Another instance of a sole beneficiary challenging the will is if the estate is given to the sole beneficiary in trust for several years with outright distribution not being made for a long time. The beneficiary's loss is the tying up of the trust funds for years together with the cost of the trustees commissions over the time the trust is in effect. In this situation, the trust would have no contingent or succeeding beneficiary otherwise, you would not be the sole heir under the will. A will with at trust without a contingent beneficiary is ripe for a will contest, because such a trust lacks such an important part, that it looks like a mistake that may be evidence of a lack of proper testamentary intent.
This question presents an interesting opportunity to explain some technicalities of probate law.
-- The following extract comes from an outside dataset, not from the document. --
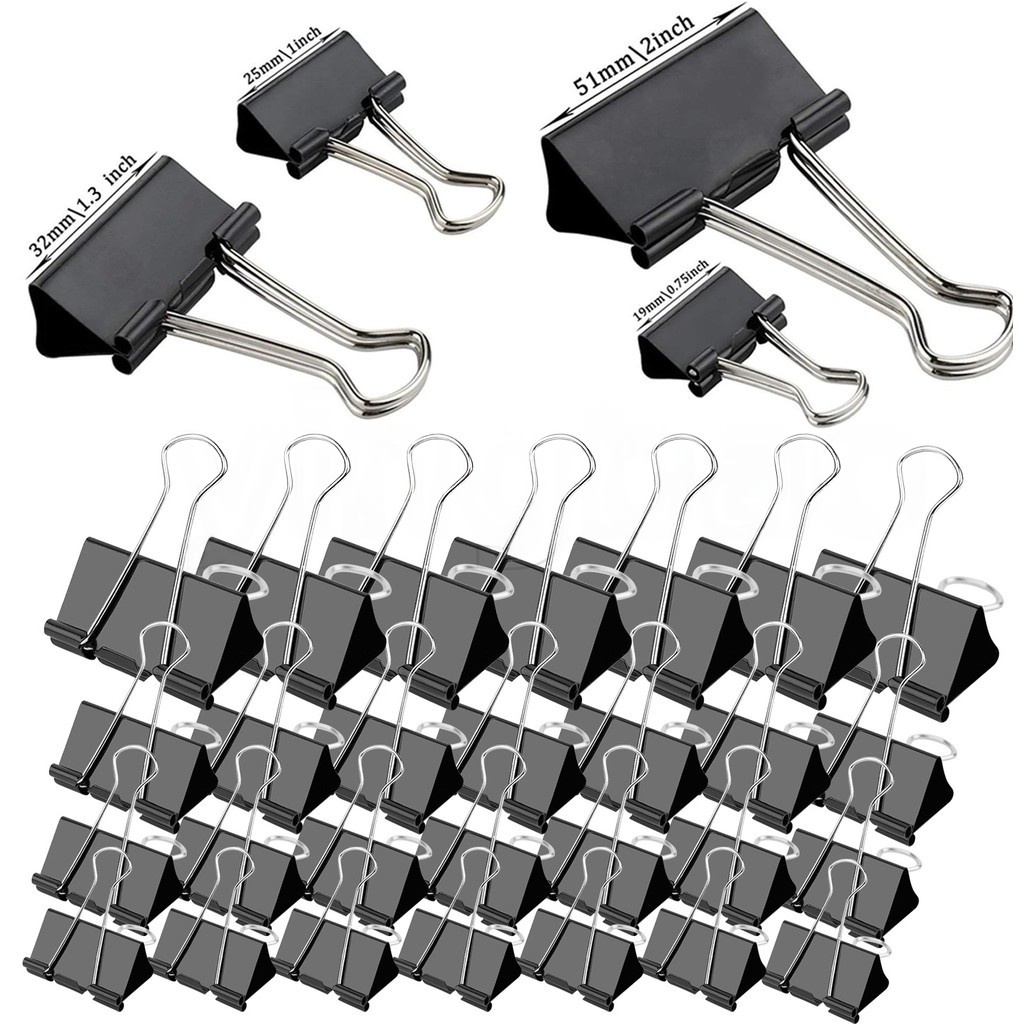 10 Uds Clip de papel de Metal 19 25 32 41 51mm Clips de carpeta de Metal plegables abrazaderas de agarre negro documentos de papel papelería para oficina y escuela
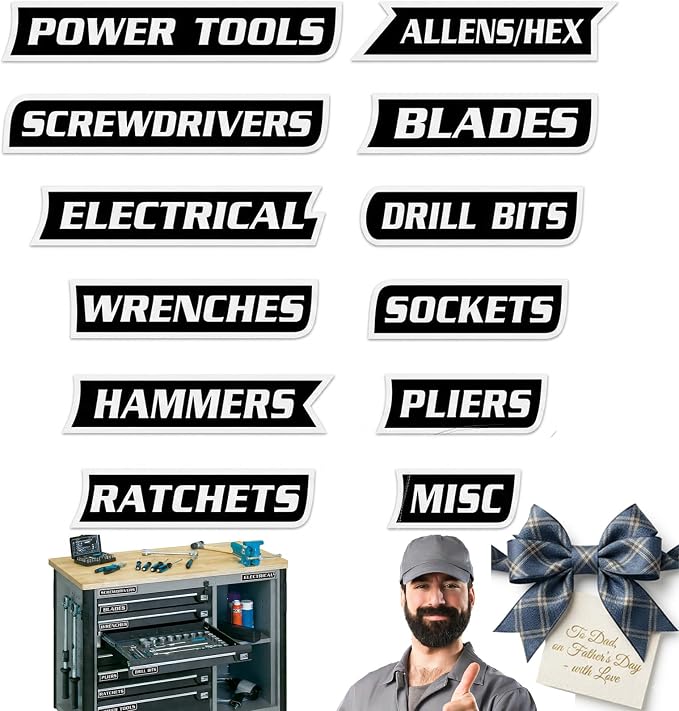 12 Pack of Magnetic Tool Box Labels, Reusable Toolbox Labels Magnet, Tool Box by OULUCCI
This is an exercise in semantics; however, in strict technical terms an heir is a person who inherits a decedent's property when there is no will. A beneficiary is a person who receives a decedent's property when there is a will. Sometimes beneficiaries are called "legatees" if the receive personal property and "devisees" if they receive real property. Most modern probate laws have abolished the distinction between legatees and devisees, so the difference in meaning is mainly historical now rather than legal.
So, if a person is the only "heir", meaning the only person who would inherit in the absence of a will, and if the will gives all or part of the estate to other persons or entities, the heir can obviously challenge the will, because he has the appropriate financial interest to give him/her standing to sue. Generally, standing to sue exists only when a person is "aggrieved" by the probate of the will, meaning he or she suffers some sort of financial loss because of the will. The heir's loss is that he/she would have received more money but for the will. He has standing to sue, but he still has to prove his case.